On 8/17/17 10:43, Dan Smith wrote:
if we get to Lambda-based functions
No if about it, this works right now and we do this in our tests :)
ResultCollector rc = getExecution().execute(context ->
context.getResultSender().lastResult("done")
);
-Dan
On Thu, Aug 17, 2017 at 9:59 AM, Udo Kohlmeyer <ukohlme...@pivotal.io>
wrote:
I think there might be more to this than just "Data:READ"/"Data:WRITE".
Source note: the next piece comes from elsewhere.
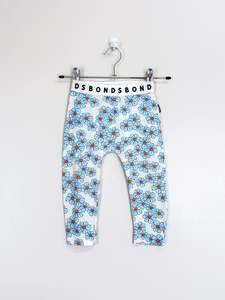 Bonds leggings - blue daisy (12-18m)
Why would we not support something like
/*@Authorize(hasRole("functionExecutor"))*/
or /*@Authorize(requiresPermission("DATA:READ"))*/
The next question in my mind would be, if we get to Lambda-based
functions, how do we specify authorization credentials then? Annotations
are great to "static" definition on services, not so great for more
"dynamic" execution of stuff...
On 8/17/17 09:29, Dan Smith wrote:
I like the annotation idea, especially considering that Jared was talking
about adding a @RegisterableFunction annotation as well. maybe something
like @ResourcePermission("Data:READ") or something like that?
-Dan
On Thu, Aug 17, 2017 at 8:18 AM, Michael William Dodge <mdo...@pivotal.io
wrote:
What about an annotation for read-only functions or a subinterface off
org.apache.geode.cache.execute.Function?
Sarge
On 17 Aug, 2017, at 01:42, Swapnil Bawaskar <sbawas...@pivotal.io>
wrote:
Discuss fix for GEODE-2817
<https://issues.apache.org/jira/browse/GEODE-2817>
Currently to execute a function, you will need "data:write" permission,
but
it really depends on what the function is doing. For example, if a
function
is just reading data, the function author might want users with
DATA:READ
permissions to execute the function. The two options mentioned in the
ticket are:
1) externalize SecurityService so that function author can use it in the
function.execute code to check authorization.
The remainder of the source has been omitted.